Занятия в студии шли своим чередом. К десяти мы бежали на уроки. По вечерам, если были свободны от массовок, прорывались на спектакли. Театров было много. Самых разных, на всякие вкусы, увидеть хотелось все. По ночам обсуждали виденное, спорили об искусстве. Мечтали о создании новых, «своих» театров. То это был «Терем» — Театр революционной мысли, то «Матэс» — Мастерская театрального эскиза, под именем которой мы совершали наши летние гастроли в ленинградской студии. Мы привлекали актеров из разных театров, устраивали организационные собрания, сочиняли программы и уставы, критиковали (как вся молодежь всех времен и народов) «старых маразматиков». Мы искали и провозглашали новые пути, не давая себе отчета в том, что эти пути давно уже пройдены. Дальше этих собраний дело никуда не шло, все были достаточно заняты, все работали и учились в разных местах. Уходили одни и приходили новые. Мы бурлили, кипели, не спали. Тратить время на сон считалось бессмысленным и расточительным.

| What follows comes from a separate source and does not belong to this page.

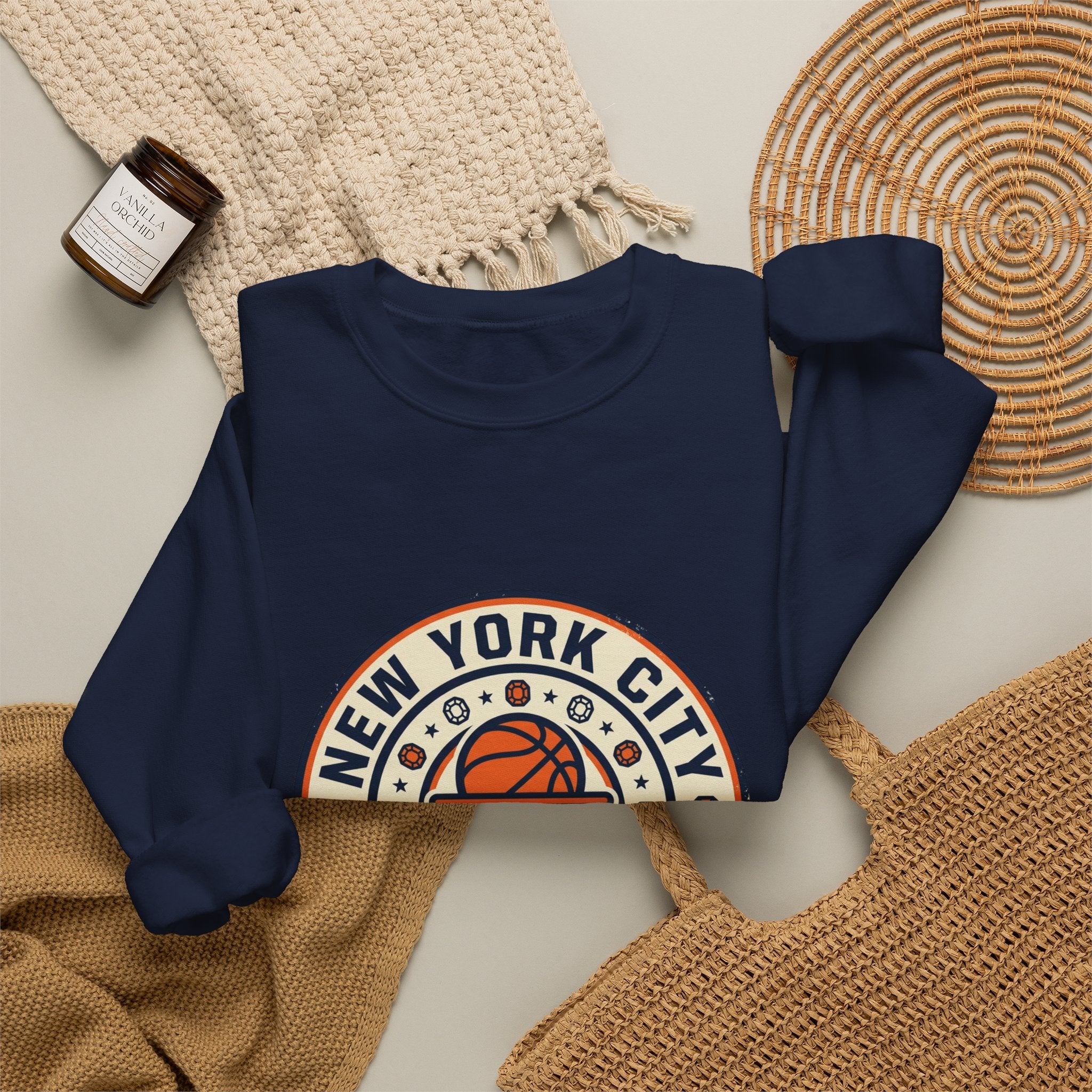 New York City Basketball Crest Sweatshirt | City Pride Streetwear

Что не удовлетворяло меня — так это сама студия. Да простит мне Юрий Александрович. В очень уж замечательной школе я проучилась два года и не хотела со многим мириться. Мне казалось, что дело поставлено здесь недостаточно серьезно, не очень профессионально. Единственная радостная творческая встреча была у меня с Верой Петровной Марецкой. Мне посчастливилось стать ее ученицей. Она делала со мной отрывок из «Воскресения». Работать с ней было очень интересно.
Юрия Александровича я видела еще всего два раза. Один раз он зашел к нам на самостоятельный урок, чем привел весь курс в священный трепет. И другой, когда я пришла подавать ему заявление об уходе.
Я томилась в студии. Мне казалось, что я теряю зря не только время, но и то, что удалось приобрести раньше.
Я узнала, что есть решение организовать в Свердловске Театр юных зрителей. В Москве набирали молодежь. Я показалась, меня приняли.
С Юрием Александровичем попрощалась в его кабинете, в студии. Он сидел за столом, переплетая тонкими пальцами длинный карандаш. Он распустил сборочку на пухлых губах и очень мило мне улыбнулся.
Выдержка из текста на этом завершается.